The classic triad of meningitis includes fever, neck stiffness, and altered mental status. However, all 3 of these are present less than half of patients with bacterial meningitis.
Patients who are very young, very old, or immunocompromised may present with atypical signs and symptoms.
Empiric antibiotics should not be delayed while waiting for a computed tomography (CT) scan before a lumbar puncture (LP) if meningitis is a likely diagnosis. When a CT scan is necessary, draw blood cultures and administer steroids and appropriate antibiotics before the LP.
Consider the diagnosis of herpes simplex virus encephalitis in patients with focal neurologic findings or altered mental status and add intravenous acyclovir to the empiric antimicrobial regimen.
Bacterial meningitis and viral encephalitis are life-threatening causes of infection and inflammation within the central nervous system (CNS). In the early stages of illness the diagnosis can be very challenging, and evaluation is focused on identifying patients who require urgent diagnostic testing and treatment.
Until antibiotics became available at the beginning of the 20th century, bacterial meningitis was nearly 100% fatal. Morbidity and mortality still remain high even with appropriate treatment. Meningitis affects patients of all ages, but those at the extremes of age or immunosuppressed are at increased risk. Accurate diagnosis, timely administration of antibiotics, and other adjunctive therapies (eg, dexamethasone) are important for patients with suspected bacterial disease.
Meningitis is an inflammatory process of the membranes that surround the brain and spinal cord. The most common causative agents of bacterial meningitis are encapsulated organisms, namely Streptococcus pneumoniae and Neisseria meningitidis. Listeria monocytogenes more commonly infects older patients (>50 years old), infants (<3 months old), and immunocompromised or pregnant individuals. These pathogens often invade the host through the upper airway by infecting the mucosa and bloodstream and ultimately cross the blood–brain barrier, entering the CNS. CNS inoculation can also occur after trauma, surgery, or a contiguous infection such as sinusitis or otitis media.
Changes in epidemiology have mirrored vaccination practices in children and adults against Haemophilus influenzae, S. pneumoniae, and N. meningitidis. Routine childhood vaccination against H. influenza type b has helped decrease this pathogen as a cause of meningitis. Use of the pneumococcal vaccine in adults may be reducing the rate of S. pneumoniae disease. Given the success of routine childhood vaccination programs, over the past 25 years, the median age of a patient diagnosed with meningitis has risen from 15 months to 42 years of age.
Aseptic meningitis is due to inflammation from other causes such as drugs, rheumatologic conditions, or nonbacterial infections. Most cases are caused by viral (the most common overall causes of meningitis) or mycobacterial infections. Of the viral etiologies, enteroviruses and echoviruses are the most common, but herpes simplex virus (HSV) is an important pathogen.
Encephalitis is an infection of the brain parenchyma causing inflammation within the CNS. Viral pathogens include HSV, which is the most treatable cause of encephalitis. In the acute care setting, it can be difficult to distinguish encephalitis from severe cases of bacterial meningitis, as patients’ signs and symptoms may be similar.

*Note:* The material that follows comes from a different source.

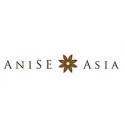 Anise Asia Cloud Sdn Bhd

The classic triad of meningitis includes fever, neck stiffness, and altered mental status, but all of these are present together in less than half of adult patients with bacterial meningitis. Patients may also experience seizure. Many of the symptoms are nonspecific, such as headache, nausea and vomiting, and neck pain, making accurate diagnosis challenging. Patients at the extremes of age and those who are immunocompromised can be further difficult to diagnose, as they can have more subtle presentations or even lack fever. Infants may present with only irritability, lethargy, poor feeding, rash, or a bulging fontanelle. Seizures may be present in up to one third of pediatric patients with bacterial meningitis. Geriatric patients can often present with confusion or altered mental status. The clinical presentation of patients with encephalitis can be similar to patients with meningitis, including fever, headache, or stiff neck, but the diagnosis of encephalitis is characterized by the presence of altered mental status or neurologic symptoms.
Although not all patients with meningitis will have fever, it is a common physical finding. Classically described meningeal findings include nuchal rigidity (severe neck stiffness due to meningeal irritation), Kernig sign (flexing the hip and extending the knee to elicit pain in the back and the legs) and Brudzinski sign (passive flexion of the neck elicits flexion of the hips). However, these findings cannot be relied on exclusively, as they have relatively poor sensitivities. Neck stiffness may only be present 30% of the time in patients with meningitis. Petechiae and purpura are classically associated with meningococcal meningitis; however, these skin findings can be present with other bacterial causes or may be absent. Altered mental status and focal neurologic findings should raise concern for encephalitis as a possible diagnosis.